This time I wanted to post an article about the new concepts of self-service BI and how Excel plays the lead role in it.
The classic way
First of all, let´s go to the basis about the "classic" BI solutions I was involved back some years ago. To summarize all the elements that are involved I have this simplified diagram:
You have the following elements:
This is where all your original data is stored. Can be any kind of system or intermediate system where your soon-to-analyzed data is stored. From a relational database to a plain text report rendered by any system can be useful as a data source, as long as you have the information you need.
Extract, Transform & Load
Once you have detected your data, location, access, etc., you now need to consolidate this data. For that you need to change the structure of your data, like date formats, identifiers, cross information from different sources, etc. All these are summarized in ETL processes. From the Microsoft technology stack you have SQL Server Integration Services and Visual Studio Shell to create, test and debug this ETL processes. Since Visual Studio is such a powerful tool, you will need a high level technical profile in order to create ETL processes in a reasonable time.

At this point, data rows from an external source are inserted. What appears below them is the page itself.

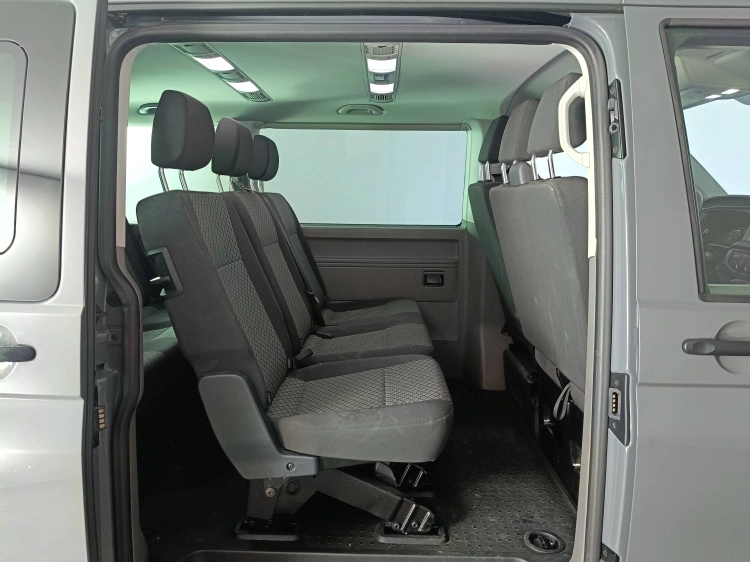 11 - Volkswagen T6.1 Transporter 30 T6.1 Transporter 30 2.0 tdi 110cv kombi p.c.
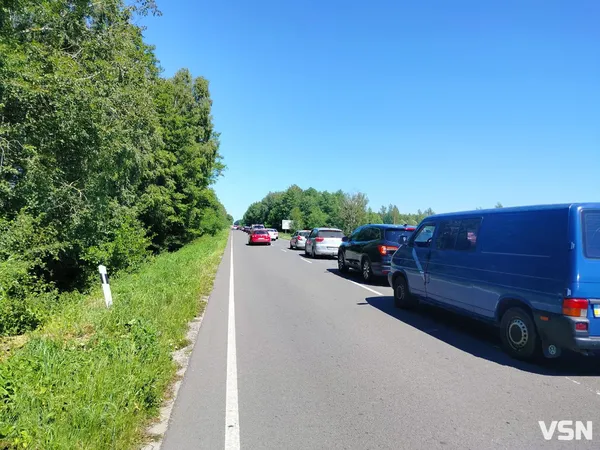 Дорогою на Світязь – кілометрові черги через перевірку документів: що там коїться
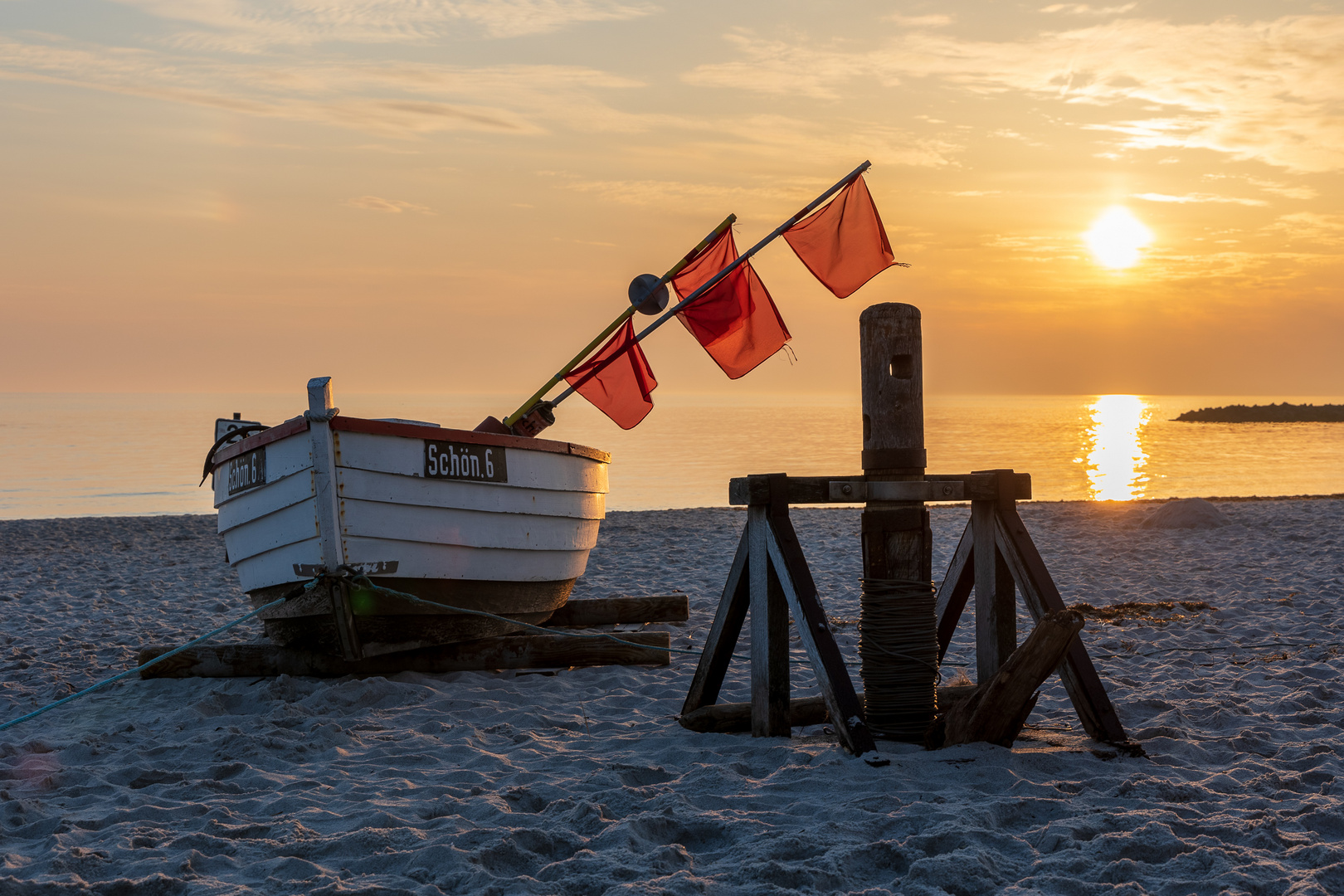 DE - Holm - Fischerboot am Strand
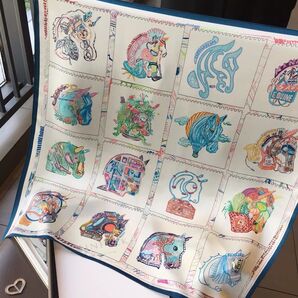 100%シルクスカーフ 虹色に輝く馬70x70cm208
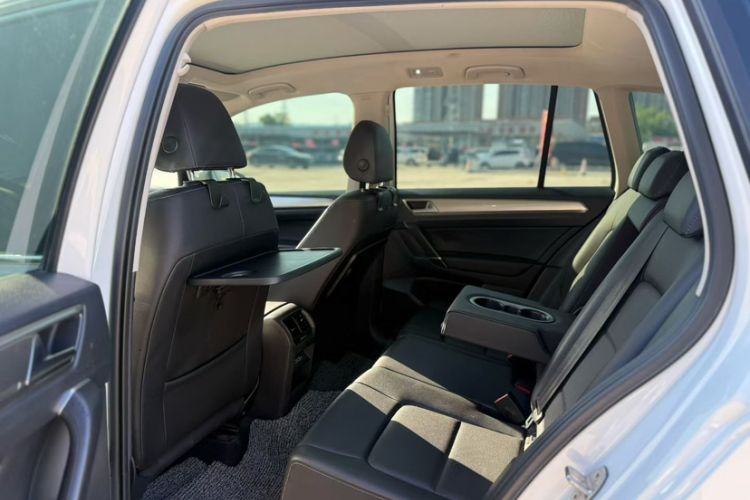 Used Volkswagen Golf Sportsvan 2019 280TSI Automatic Trendy Model China VI Standard Interior 1
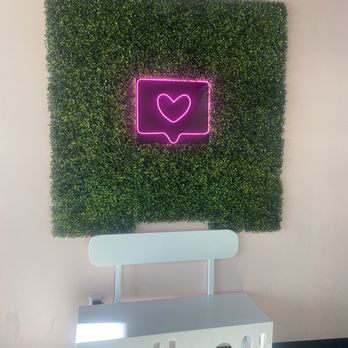 Bajo Zero - Selfie wall - Ice Cream & Frozen Yogurt Near Me - Hutto, Texas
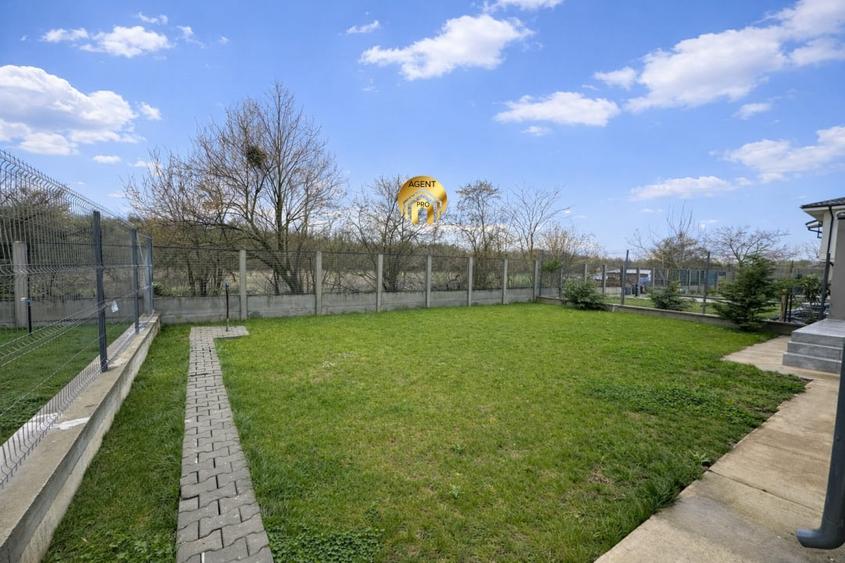 Casă cu 4 camere cu Canalizare în Otopeni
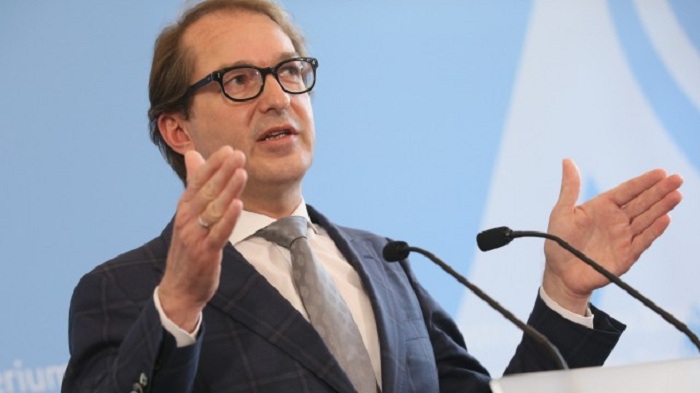 Dobrindt scheut den Konflikt mit der Autoindustrie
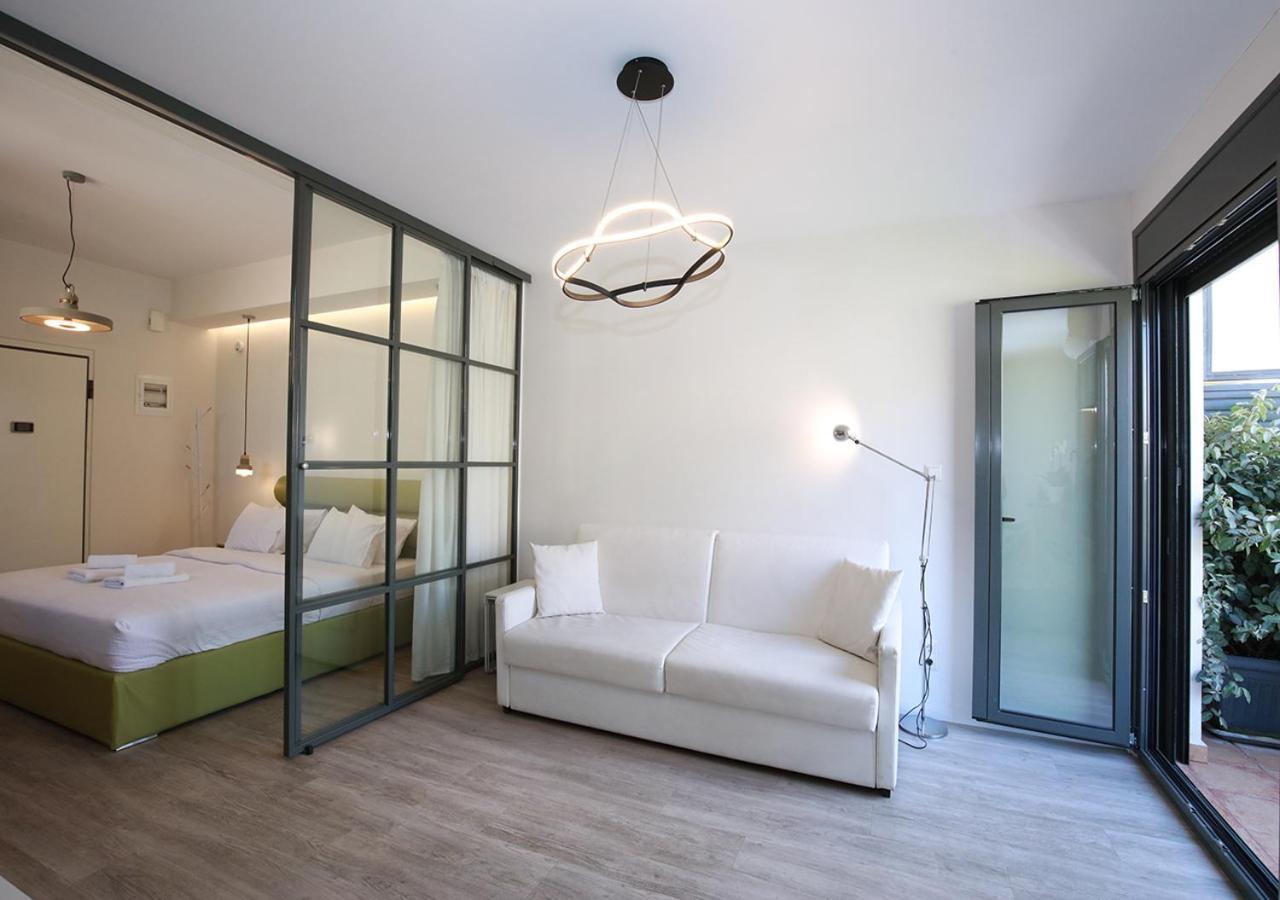 Emily In Athens - Central Chic Flat With Terrace Syntagma E1 Exterior foto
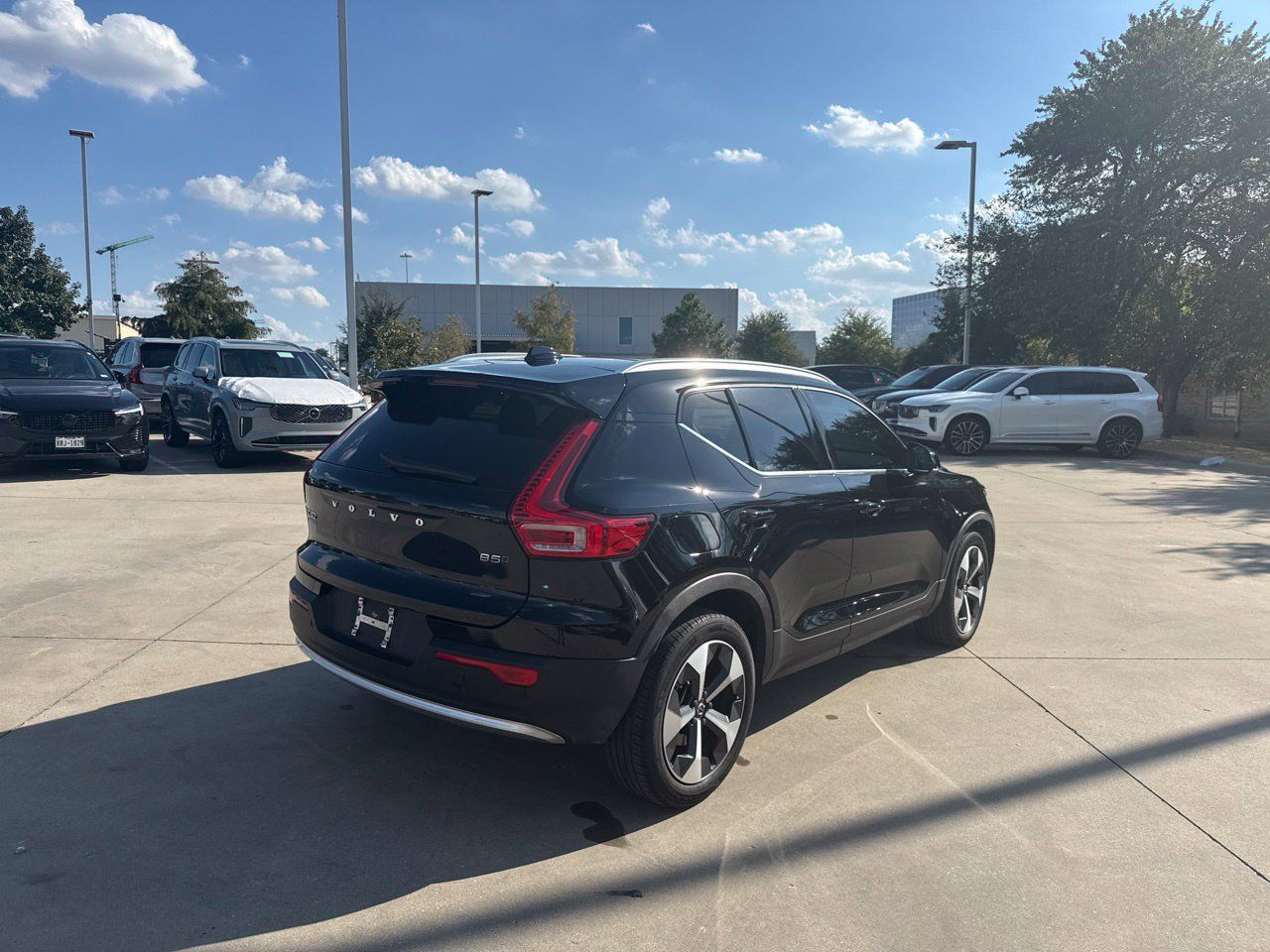 Used 2023 Volvo XC40 B5 Plus w/ Protection Package Premier AWD/4WD image 5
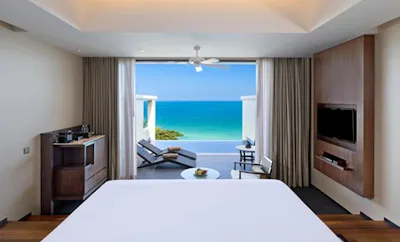 Premium Ocean Pool One Bedroom Suite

These processes usually are executed in background and their frequency determines the freshness of the data to be analyzed.
In the previous explanation I mentioned "consolidate", a data warehouse is where you do this. Another way to understand this is that you change the structure or the original data into something that you will easily create reports from. Someone once told me that 80% percent of the issues in BI solutions comes from a poor data warehouse design. So here is not only needed a good database designer but a good understanding of the business need and the information that needs to be analyzed. With Microsoft technologies you have SQL Server to build your data warehouse. Three words you will see very often here are: Facts, Measures and Dimensions. Just search over the internet to find some detailed explanation that is out of the scope of this article.
After you have all your data consolidated into one single place, you now have to prepare the data to be hammered by reports. In Microsoft technologies you have SQL Server Analysis Services for this. You create, using the Visual Studio Shell (also known as SQL Server Data Tools) multidimensional cubes from relational databases (i.e. data warehouse). You may want to think about multidimensional databases as full indexed tables, but the concepts are way more extended that just this.
Dashboards and reports
There wouldn´t be any analysis without reports, would it be? The final outcome for any BI solution are the reports and dashboards you create. Usually this is the first thing you have to define so you can design all the previous element in a consistent manner. Dashboards are the main reason of a BI solution. The idea of a dashboard is to have a 360 degree of what you want to know about so you can drill down through your reports (i.e. data), understand why and take the corresponding actions to steer your business. When speaking about Microsoft technologies you have SQL Server Reporting Services and in case you haven´t thought about it, Excel is also seen as a reporting tool!
So, this is just a really, really brief explanation of BI, the classic way. But, what about this new experience called self-service BI?
Reading the pasts paragraphs you may infer that you will need a specialized team to build your BI solution, since there are at least 4 or 5 technologies involved. But the new concept tries to ease your way down to your long awaited dashboards through just one single (or should I say centralized?) tool: Microsoft Excel.
I hesitate to define excel as a single tool because Excel now consolidates a set of tools that are intended to give the end user a centralized experience when building reports or dashboards for data analysis. The tools are:
This is a WYSISYG tool that helps you to connect to virtually any data source and transform the data into something you will need for further analysis. Example of data sources are: Oracle, OData feeds, SharePoint Lists, HTML web pages, Azure Marketplace, Facebook, SAP or Salesforce. With Power Query you can have a GUI tool to change the format of the data, split columns, remove rows and any action you may need in order to tune up your raw data.
When speaking about modelling data, PowerPivot is a handy tool that actually runs sort of a SQL Server Analysis engine in your desktop without any installation needed. Once you have retrieved your data with Power Query, you now can define the relationship between your data, columns name set and tables with friendly names (this concept of "friendly" will be helpful in the future). This new modelled data will be saved along with your Excel Workbook in a compressed format so you can "travel" with this data. Some benefit to store data with PowerPivot is that once you run any pivot table / chart using PowerPivot data, the speed will be notoriously increased when managing medium size data. You can also save as much data as your RAM memory can hold. For this, it is recommended to use the 64bits version of Excel if you intend to you PowerPivot.
No data is relevant if you can´t see it (at least from a BI perspective). Besides your well known pivot tables and pivot charts, in combination with slicers, time scales, etc. You have now Power View, that enriches the experience of your reports. With Power View you can have richer reports that also features maps, where you can show your data related to a geographical location that can be seen in several ways.
Finally, the previous diagram with the "classic" data stages and tools for BI solutions you now have this equivalent diagram when speaking about Self Service BI:
As you can see, now the only thing that lives outside Excel is your data sources!
I hope this explanation gave you some light about the new concepts on our BI experience, in further articles I will try to explain how SharePoint also has something to say about this!